On 73 minutes, with us 2-1 up, we should have sealed the game. Now, before I talk about this, I have just been on social media and I see we played well for ’30 minutes’, and that was that. I’m not having that; in patches we played well in the second half as well, and we did so with a makeshift defence, without two of our best central defenders, without a recognised striker on the field and with players who have thus far been disappointing. The narrative of ‘the manager must go’ is absurd to me. Here’s a bold statement and you can shoot me down (as I won’t read the Twitter comments today anyway), but even if we were to be relegated, I wouldn’t sack the manager. Some of the stuff people write about him on social media is so blinkered and without context or the bigger picture it is unreal. Results good, manager great, results bad, manager’s fault. The underlying issues of form, injuries, confidence and poor performances are not all his fault, yet some seem to think getting rid of him would be the answer. It’s laughable how little some people genuinely understand football. Sorry if that’s you, but it is.

Credit Graham Burrell

Anyway, on 73 minutes, there’s a classic example of fine margins. Anthony Scully, who was apparently refusing to play, being sold and had fallen out with the manager, proved that the internet is full of rubbish by coming on to a huge ovation. Of course, within a couple of minutes he created a chance, coming down the left and squaring for Lewis Fiorini. Now, I had a great view of the chance from the boxes and let me tell you this; that was an awful, awful miss. The xG stats gave it as 0.3, meaning two times out of three, it doesn’t go in. From six yards, with nobody around you? Come on, that’s a better chance than a penalty. I’ll keep referring to xG as a barometer of chances, but that for me was a 0.8. It was a glorious chance, one that in my opinion, goes in eight times out of ten, maybe even nine. I’ll relive that moment in my head over and over until Wednesday, at least.

Within two minutes, it’s 2-2. Now, if Fiorini scores and we win 3-2, or 3-1, Michael Appleton is a hero and people don’t come out and scream at him on social media. Ok, it didn’t go in, but what changes? Would one kick really be the difference between him doing a good job and a bad one? How on earth can the manager take the fall for the team creating chances (which is good) but not taking them? You can talk to me about poor signings, but one huge detractor of Michael (Happy Christmas Kev) was also telling everyone how great Fiorini would be for us. For me, that’s almost nonsensical; judging the manager on signings that even the doubters thought we great. If that great signing (and I’m not on Fiorini’s back here, it could have been any of those who missed) was just slightly more accurate, the game’s won and everyone wanting Michael out is back in their box for a week.

Credit Graham Burrell

I know, it didn’t go in, but I’d be more worried if we weren’t creating chances. Right now, hand on heart, I am worried. I admit it, there are a few things wrong with certain players but I don’t think they’re all the manager’s fault. Do I think he should have played Jamie Robson over Bramall yesterday?

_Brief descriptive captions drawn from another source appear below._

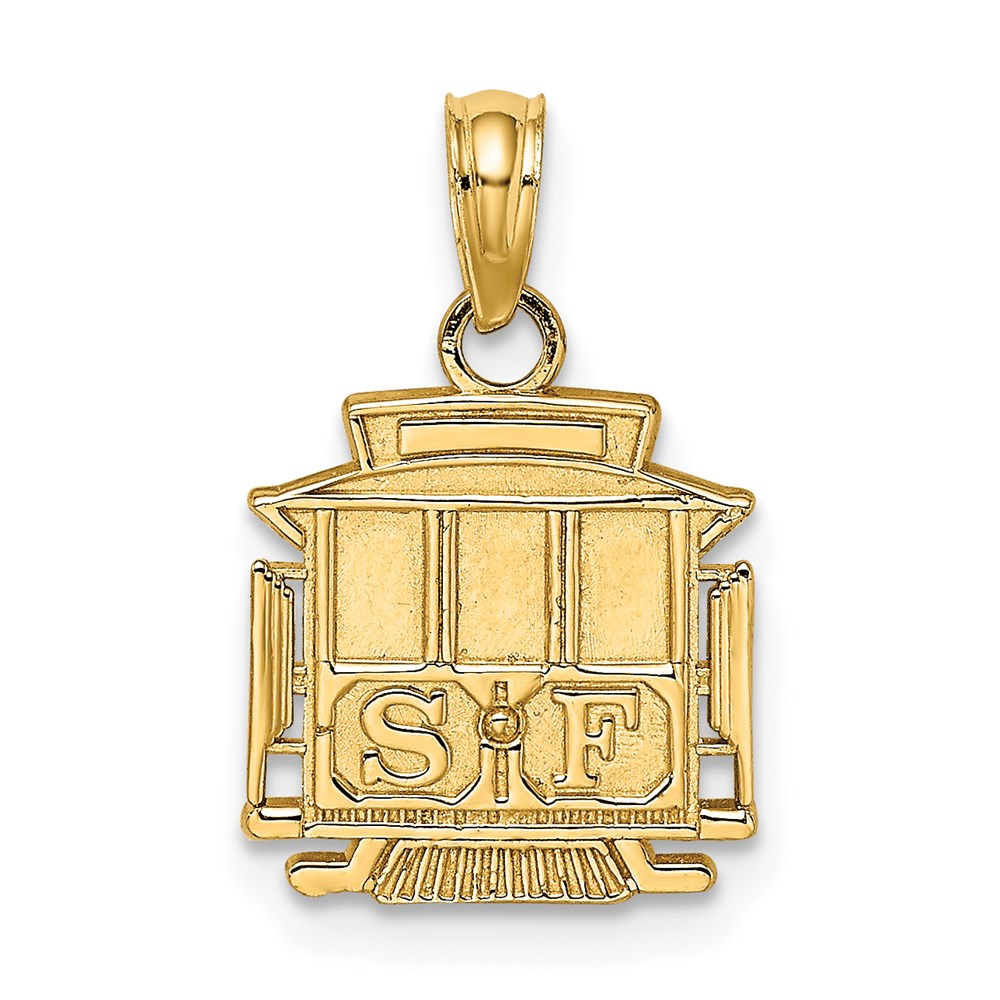 D4407.jpg 14k Polished S.F. Cable Car Charm - Image 1
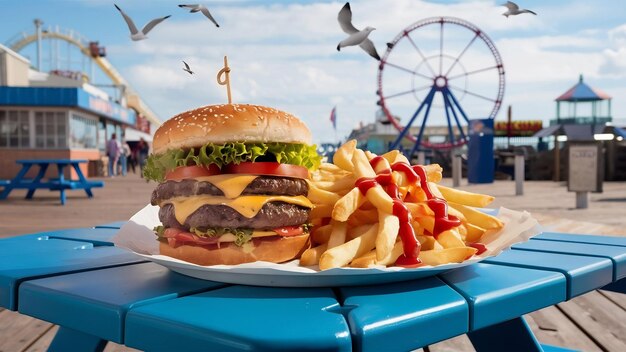 Zdjęcie cheeseburger z frytkami, ketchupem i majonezem na pokładzie.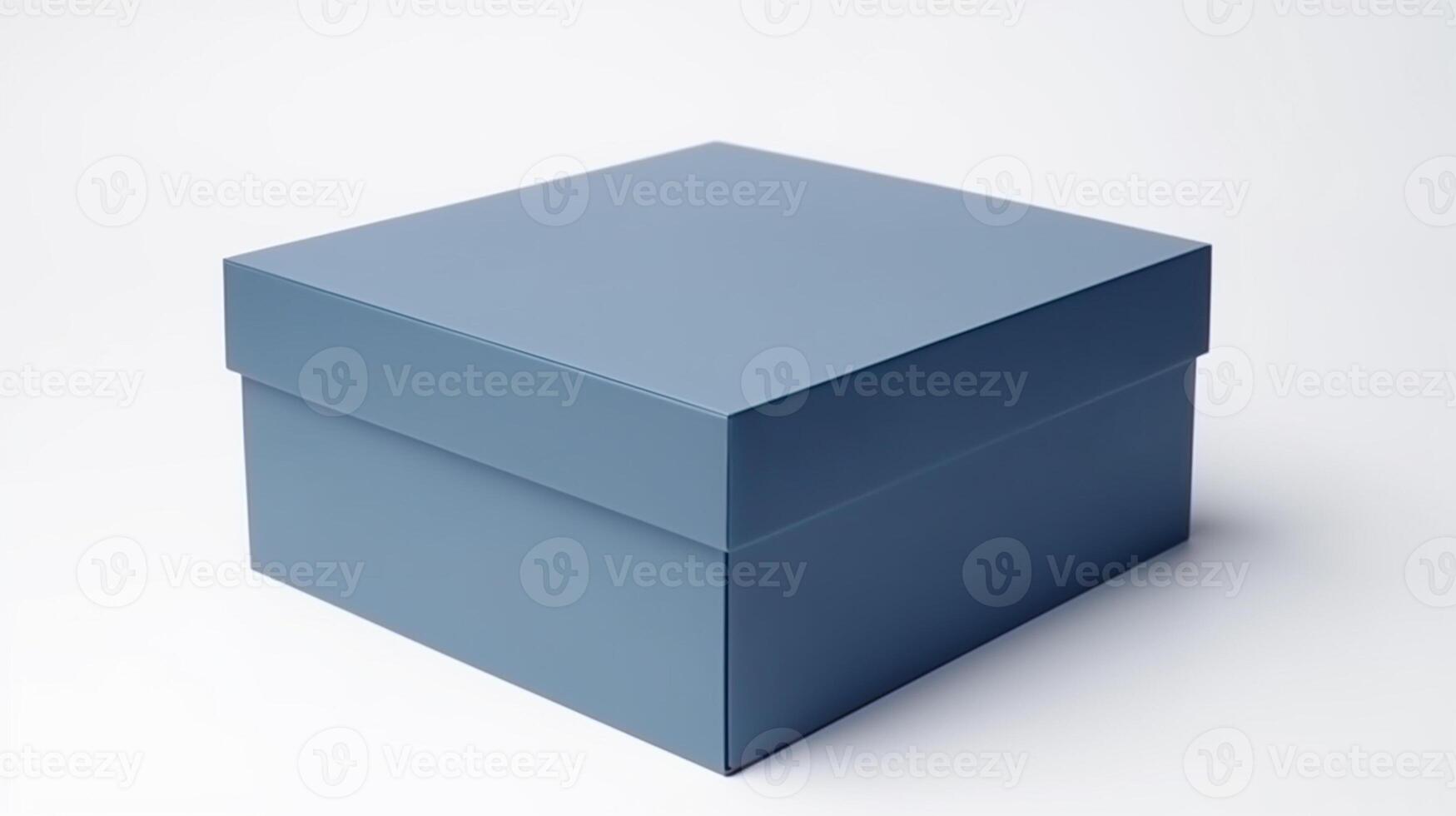 A blue blank box mockup isolated in white studio background, photo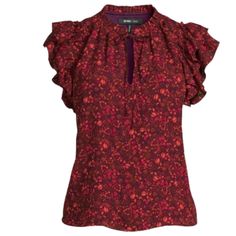 Nwt Bcbg Paris Size Xs (0-2) Women's Flutter Sleeve Top Flower Floral Print Autumn Liberty Burgundy Color. Fully Line, Ties Strings At Neck. Material 100% Polyester. Machine Wash Cold, Gentle Cycle. Measurements Approximately: Underarm To Under Arm 18" Across And Length 21". Tag Color: Autumn Liberty Burgundy Floral. Comes From A Smoke-Free Pet Free Home. Purple Flutter Sleeve Top For Summer, Purple Flutter Sleeve Tops, Mock Neck Shirt, Tuxedo Style, Paris Woman, Leopard Print Top, Burgundy Floral, Black And White Blouse, Striped Long Sleeve Shirt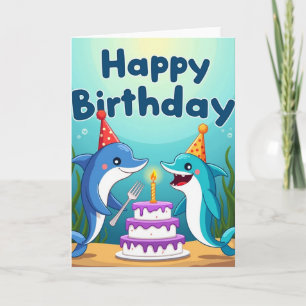 Cartooneske walvis verjaardagskaart kaart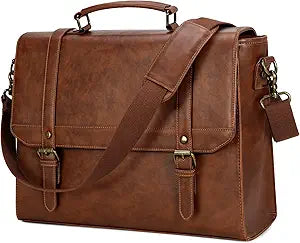 IGOLUMON Mens Messenger Bag 15.6 Inch Vintage Leather Laptop Briefcase Bag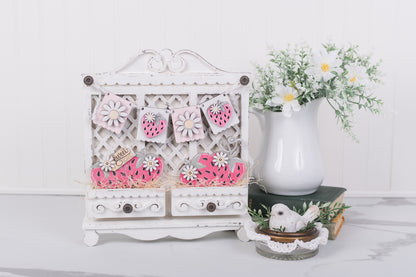 Strawberry banner and drawer inserts for cottage cabinet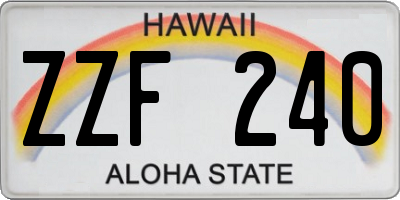 HI license plate ZZF240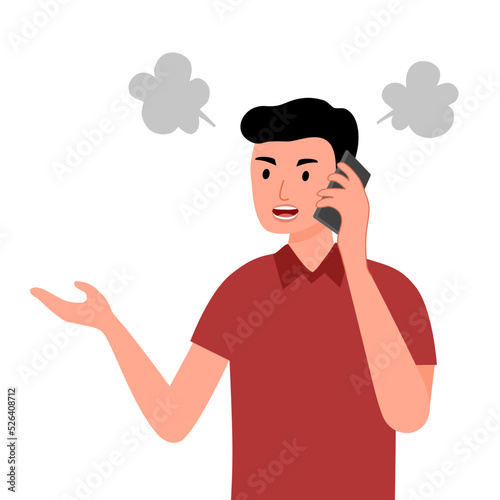 Angry customer man on phone in flat design. Guy upset speaking on mobile.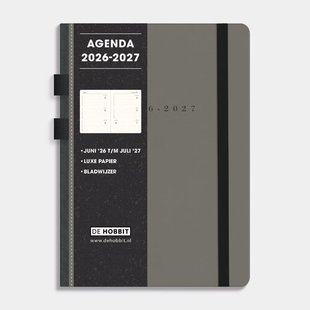 Luxe Schoolagenda 2026-2027 A5 Suedelook Antraciet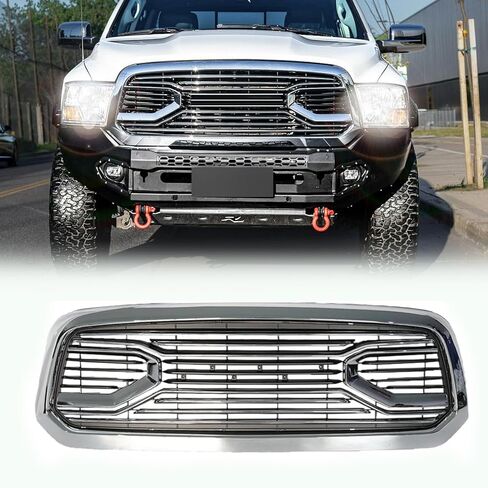 شبكة المصد الأمامي متوافقة مع شواية 2013 2014 2015 2016 2017 2018 Ram 1500، شواية بديلة لما بعد البيع مع حروف سوداء غير لامعة، طراز محدود in Kuwait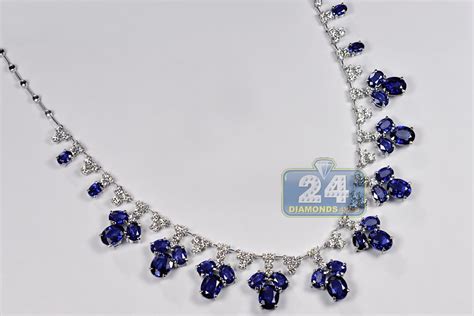 Womens Blue Sapphire Diamond Necklace 14K White Gold 29.74ct 17"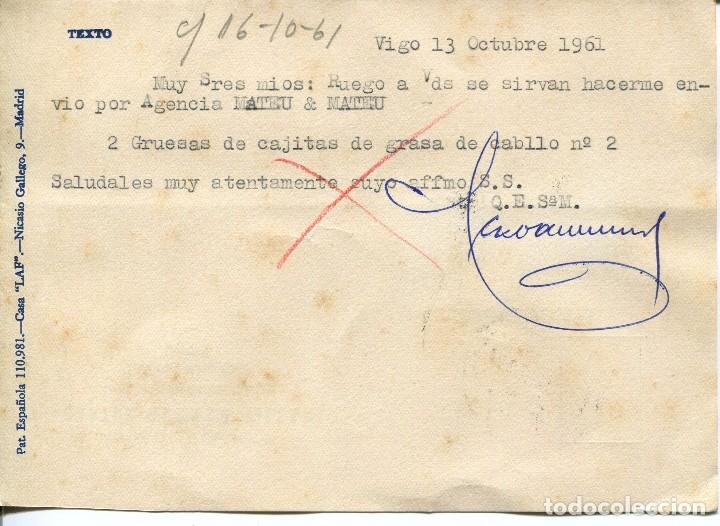 Sellos: TARJETA POSTAL--VIGO- 1961 - Foto 2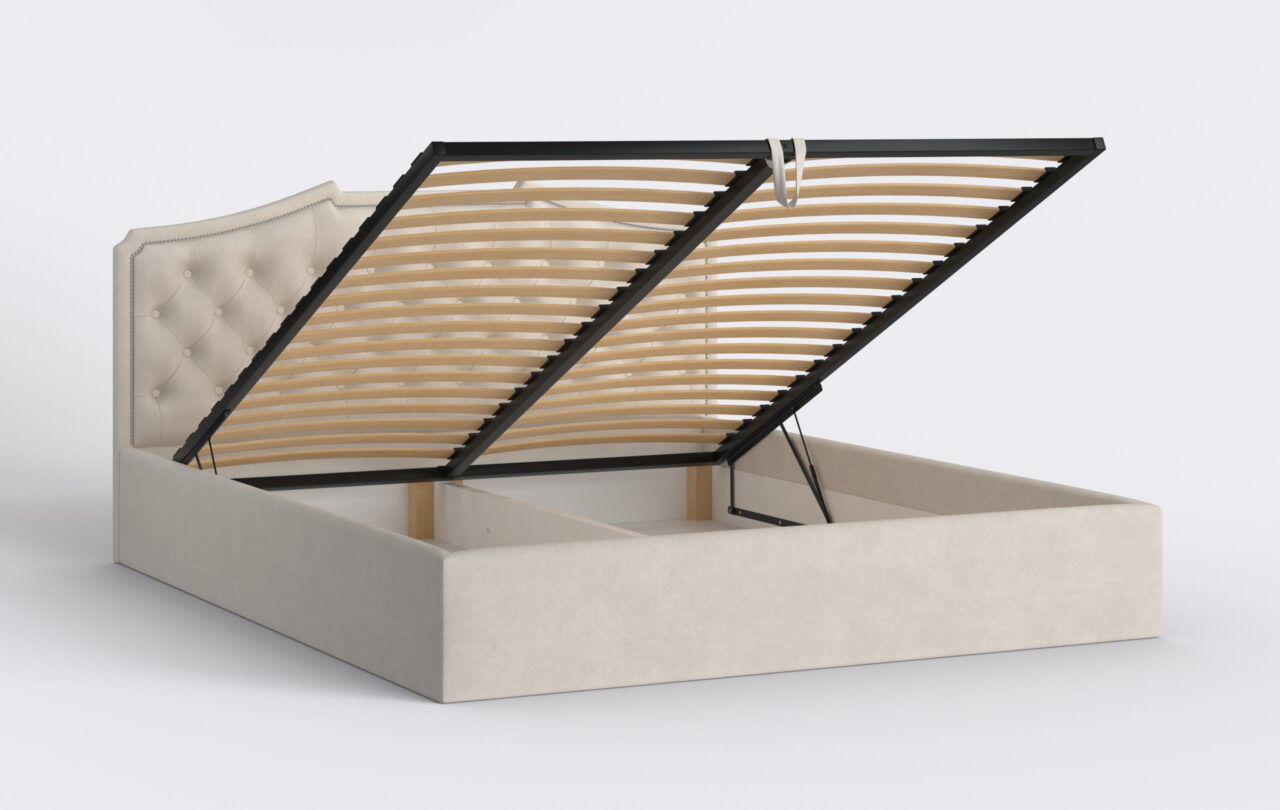 Beżowe łóżko tapicerowane z pinezkami, pikowane.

Yes, if he’s fit. However, do I think Michael Appleton is to blame because Liam Bridcutt has blocked a ball straight to an attacker, an attacker benefitting from a defence socially distancing from black shirts? No, of course not. In training, Michael doesn’t go ‘stay away from the MK defenders and if a weak ball is played towards you, just knock it to them rather than hoofing it into row Z’. He doesn’t. What he does do is set the patterns of play up that should have seen us 3-1 up long before we started handing out the Christmas gifts like the fat bloke who wears red and white.

We had our chances, we really did. The curling ball from Maguire that saw Bridcutt flying in, desperate to atone for his defensive slip. A ball from the right into Draper who was just beaten to the ball. Maguire failing to bring the ball down to get one-on-one after a defensive slip, Adelakun arriving just a little late for a Scully ball; they weren’t gilt-edged, but they were all chances that could (and at least one should) have brought a goal. Instead, as the game wound down, there was only ever going to be one winner. It was inevitable, as inevitable as Christmas tweets about Lynx gift sets, or nobody listening to Boris ‘cheese and wine’ Johnson when he tries to impose restrictions this week.

Credit Graham Burrell

Before that (it might have been before the goal as well), I saw an example of something I really didn’t like from Maguire. He went down, trying to buy a bit of time in the latter stages. I can handle that, no bother, it’s what teams do and if he’d stayed down, maybe it would have worked. Instead, as Dean Lewington (who I believe is actually older than Christmas) said something, Maguire sprang up like Hulk Hogan hulking up, and got in the defender’s face. Why? Within a second he went from prone on the ground to agitating, and I don’t get it. If he was a good professional (loosely speaking), he stays down and buys thirty seconds, a minute, taking the sting out of the game, Instead, he gets up and makes himself look a fool, and loses any advantage we gained from his supposed injury. Embarrassing.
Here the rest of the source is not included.